Fig. 34.1
Mammary asymmetry: a 60-year-old patient who had in situ ductal carcinoma in the left breast in 2003 and who underwent conservative surgery, radiotherapy, and mastoplasty in the opposite breast. Photograph taken in 2012 showing asymmetric volume and position of the inframammary fold (photograph from Rodrigo Cericatto)
It is important to preserve the inframammary fold in oncologic breast surgical procedures whenever possible. In certain situations, the fold can be moved to a lower or upper position. Therefore, during a mastectomy, surgeons should prevent the dissection from extending far beyond the inframammary fold, thus preventing the creation of an undefined fold. For this reason, special attention should be paid to the ptosis of the reconstructed breast and inframammary fold positioning in postmastectomy reconstructions [3, 4].
34.2 When Should Reconstruction Be Performed?
In general, inframammary fold reconstruction should only be performed after the skin overlying the chest wall achieves good mobility. Thus, fold reconstruction should be performed 4–6 months after late postmastectomy breast reconstruction, using a tissue expander, a direct prosthesis or a myocutaneous flap. In surgical procedures initially using a tissue expander, fold reconstruction should be performed only when the expander is replaced with the prosthesis. The need to improve fold definition is then considered [1, 4, 5].

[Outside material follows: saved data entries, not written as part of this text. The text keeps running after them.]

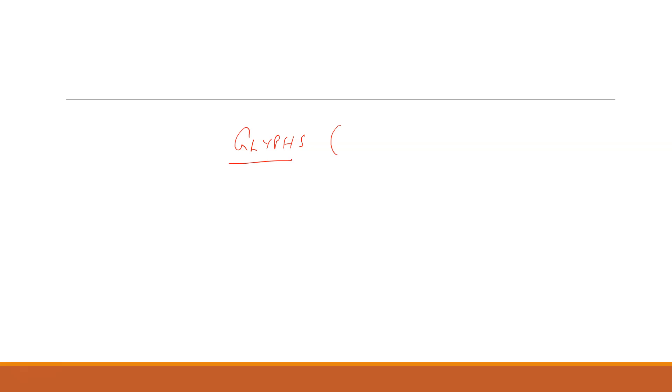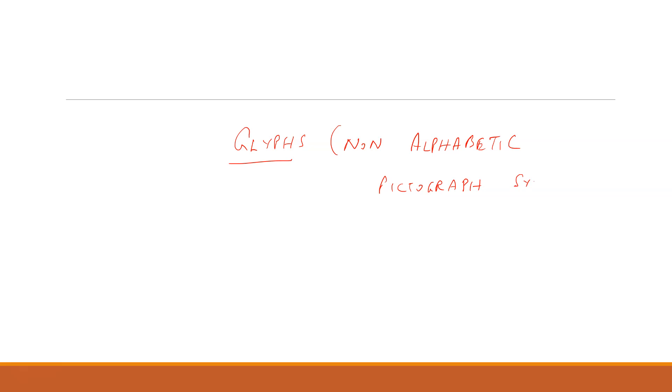Now glyphs meaning is non-alphabetic pictograph symbols. Non-alphabetic because we are not using any alphabets. So these are the non-alphabetic pictograph symbols.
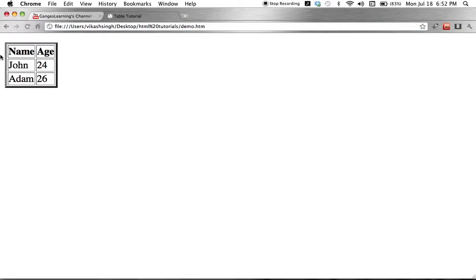Let's see how it looks. We can see that in the first row we have our headings, and they look a little different from the rest of the table columns — that's the purpose of using TH tags. If we had used only TD tags, the heading row would have looked exactly like the other rows and you wouldn't be able to tell any difference. So we use TH tags for headings.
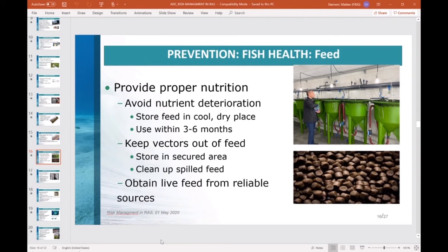Provide proper nutrition. Store feed in cool, dry places and use within 3 to 6 months to maintain vitamin and mineral stability and reduce the potential for mold. Keep feed in areas secured from vectors such as rodents and birds. Clean up any spilled feed to avoid attracting birds and rodents. If raw fish are used as feed, be sure to obtain and use fish from reputable resources.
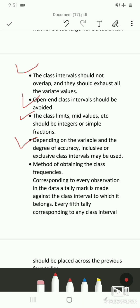Depending on the variable and the degree of accuracy, inclusive or exclusive class intervals may be used. If the variable is discrete, inclusive classification can be used; in most cases we will be using exclusive type of class intervals. Once you have chosen the class intervals, you write them down vertically one below the other on a sheet of paper.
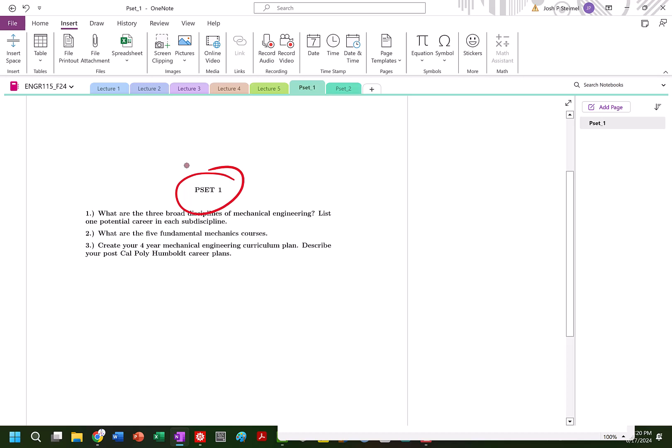So what are the three broad disciplines of mechanical engineering or sub-disciplines? Energy, biomechanical, and system design.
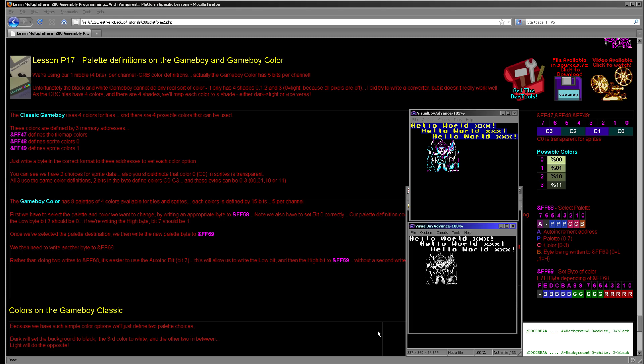Hello, it's Keith here and this is lesson 17 of the platform-specific series of my Z80 programming tutorials. I've been looking at various systems over the last few weeks and how to set the palette definitions on those systems. Today we're on the last of the systems we're going to be looking at — the Game Boy Color and the regular Game Boy.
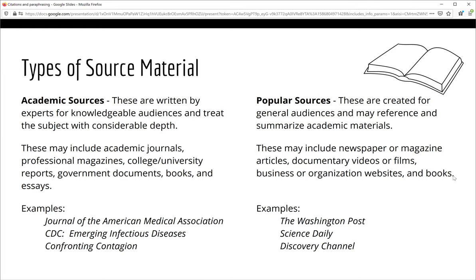For example, the Journal of the American Medical Association is written by and for doctors and other medical professionals. In contrast, popular sources are those created for general audiences. Their content may reference or summarize academic materials, but it is written so that the average person can understand it. Popular sources include newspaper and magazine articles, documentary videos or films, business or organization websites, and books. Some popular sources you might have seen are the Washington Post, Science Daily, and the Discovery Channel.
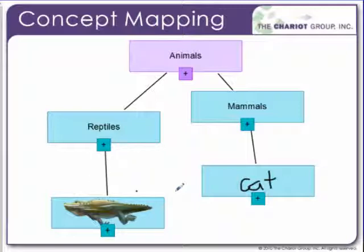So that's the basics of how concept mapping works in Notebook 15. Thanks for watching.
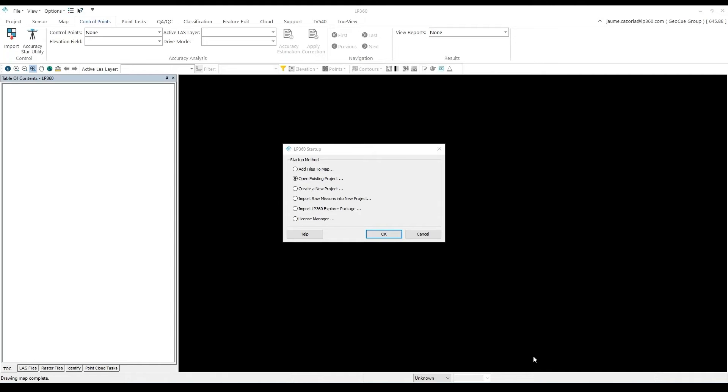The licenses required for this processing are LP360 Drone, Strip Align, and 3D Accuracy to perform the automatic debias.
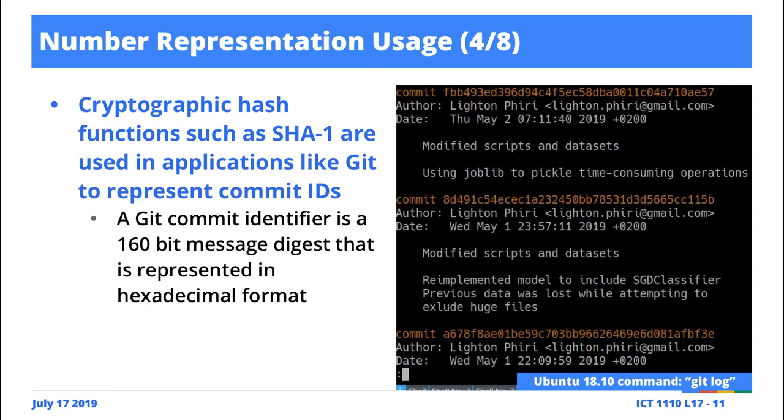It turns out that each save point that you're creating has an associated commit message. It turns out that Git uses what they call a SHA-1 algorithm. Apparently, secure hash algorithm. There's one, two, I don't know, three or four or something.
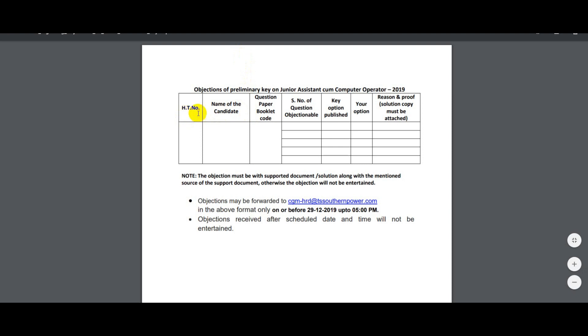The objection format requires the ticket number, the name of the candidate, the question paper booklet code or series, and the question number along with the correct answer.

34.3 Indications for Inframammary Fold Reconstruction
Inframammary fold reconstruction is mainly performed in the case of late postmastectomy breast reconstruction. The anatomical landmark of the original fold site cannot be preserved because of large skin excision and upward dislocation of the inframammary fold as a result of skin closure. A poorly defined inframammary fold is usually created as a consequence of the use of a tissue expander or direct prosthesis placement (in the case of smaller breast volume), or even when using myocutaneous flaps, resulting in an unnatural appearance of the new breast in terms of shape and ptosis. Late effects of additional radiotherapy may also interfere with the position and the definition of the inframammary fold (Fig. 34.2). The result often seems satisfactory when each breast is assessed individually, but not when considering the symmetry with the opposite breast [4].
Fig. 34.2
Planning late breast reconstruction and inframammary fold projection (from Biazús et al. [6])
34.4 Surgical Planning
After the technique to be used for inframammary fold reconstruction has been chosen, skin marking is performed with the patient in a sitting or standing position, in the preoperative setting (Fig. 34.3) [3, 6].
The patient can be instructed to bring her external prosthesis bra to assist with the skin marking of the fold site. After the fold position has been marked with the patient wearing her bra, it is taken off, and the marked breast is compared with the contralateral breast. Marking is usually located on or immediately below the sixth rib along the breast meridian line [4].